Paris, Salle Pleyel, mardi 3 juin 2014
Jonathan Nott et le Bamberger Symphoniker. Photo : (c) Bamberger Symphoniker
En
cette année du cent cinquantenaire de la naissance de Richard Strauss les
occasions sont rares à Paris de plonger dans l’univers sensuel et
délicieusement mélancolique du compositeur le plus lyrique du XXe siècle. Considérant
ce que nous a donné à écouter Jonathan Nott à la tête de ses somptueux
Bamberger Symphoniker, l’on ne peut que regretter que son concert de mardi
n’ait pas été monographique.
Violeta Urmana. Photo : DR
En
effet, quoique Britannique, Jonathan Nott s’avère un brillant continuateur du
Bavarois Eugen Jochum qui se produisait très souvent avec la phalange bavaroise
dont il fut le directeur musical de 1968 à 1973. Nott, qui en est le
« patron » depuis quatorze ans, dirige en effet de façon pénétrante
la musique germanique, particulièrement austro-bavaroise. « Les Bamberger
Symphoniker sont fantastiques, se félicitait Jonathan Nott lorsque je le
rencontrais en 2005. Fondé en 1946, Philharmonie d’Etat de Bavière depuis 2003,
cet héritier de l’Orchestre Philharmonique Allemand de Prague jouit d’un
profond atavisme "Mittle Europa". S’il n’a pas la moiteur de ses
confrères germaniques ni les sonorités de diamant des américains, il est plus
engagé, ses couleurs sont plus chaudes, rondes et rutilantes, le son toujours
droit, et il est capable des nuances les plus fines. » Ouvert à un très
large répertoire, jusqu’au plus contemporain qu’il dirige avec une constante générosité,
ce que les Français ont pu apprécier lorsqu’il était directeur musical de
l’Ensemble Intercontemporain et comme peuvent en juger les discophiles avec
entre autres son intégrale chez Warner de l’œuvre pour orchestre de György
Ligeti, Nott s’est rapidement imposé parmi les grands chefs symphonistes d’aujourd’hui,
notamment par une remarquable intégrale des symphonies de Gustav Mahler, dont
une inoubliable Neuvième qu’il a
dirigée avec ce même orchestre bavarois dans cette même Salle Pleyel voilà
quelques années.
Richard Strauss (1864-1949). Photo : DR
Cette fois, c’est avec la Première Symphonie « Titan »

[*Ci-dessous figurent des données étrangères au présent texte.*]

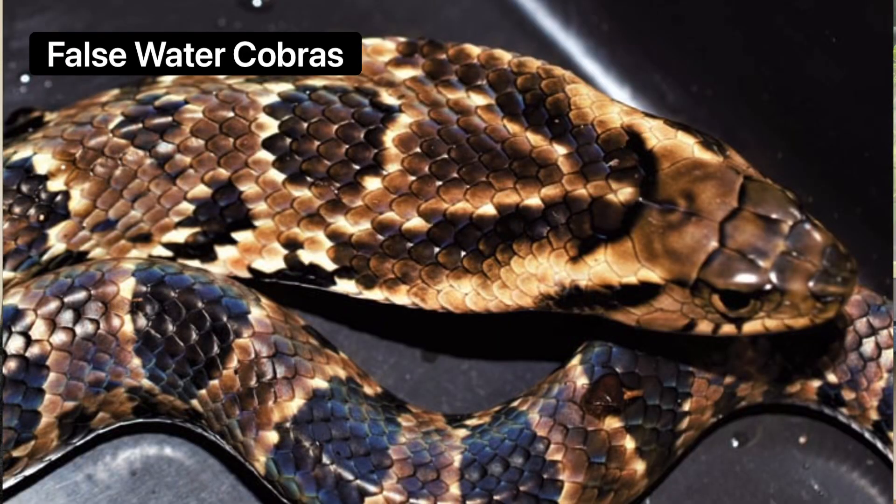I thought I would make a video today about false water cobras. I've been working on writing a book about reptiles and gathering as much information as I possibly can. I'm putting it all into a file and I'll put it out eventually, but I might as well start getting some of this information out now while it's fresh in my mind. I'll leave some links in the description below if you're interested in learning more about false water cobras.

qu’il est venu à Paris dont il a offert une interprétation de tout premier
plan. Mais le héros de la soirée était non pas Mahler mais son grand
contemporain et confrère, le compositeur chef d’orchestre Richard Strauss, dont
un poème symphonique et six lieder constituaient la première partie du
programme. Un programme qui s’est ouvert sur une interprétation de feu du poème
symphonique Don Juan op. 20 de 1888, première
page que Strauss consacra au genre créé par Franz Liszt et qu’il allait porter
à son apogée. Jonathan Nott n’a pas tergiversé, portant cette page somptueuse
jusqu’à la fusion, la dirigeant en douze minutes alors que la partition indique
cinq minutes de plus. Ce qui n’a pas empêché les grands solos de violon et de
bois de sonner avec délectation et une sensualité exquise et émouvante. L’Orchestre
Symphonique de Bamberg, constitué d’une centaine d’authentiques virtuoses
sonnant comme un seul, avec un fondu de couleurs et de timbres moirés et
ductiles. Cette assise sculpturale a enveloppé quarante minutes durant la
voix charnue et étonnamment plus maîtrisée que dans ses dernières prestations à
l’Opéra de Paris. La voix est posée, la ligne de chant bien tenue, rien ne
paraît cette fois forcé et contraint. En fait, à l’exception de Verführung op. 33/1 avec lequel la
soprano lituanienne a ouvert la série de sept lieder avec orchestre de Strauss,
qui a laissé craindre que la cantatrice ait persévéré dans son chant criard et
relâché. Mais dès An die Nacht op. 68/1,
à l’écriture pourtant tendue et mettant l’orchestre en avant, la ligne vocale
s’est avérée bien tenue, le timbre rayonnant, l’interprétation généreuse, bien
que la diction ne soit pas toujours claire, voire défectueuse. Frühlingsfeier op. 56/5 et surtout les
quatre lieder de l’Opus 27 qui
comptent parmi les pages les plus célèbres de Richard Strauss, particulièrement
le premier, Ruhe, meine Seele, et le
troisième, Morgen, ont été délicieusement
chantés, soutenus il est vrai par un orchestre magnifique de sonorité et de
fluidité. Pour conclure cet hommage au plus grand mélodiste allemand du XXe
siècle, Violeta Urmana a offert en bis le bref mais ardent Zueignung op. 10/1.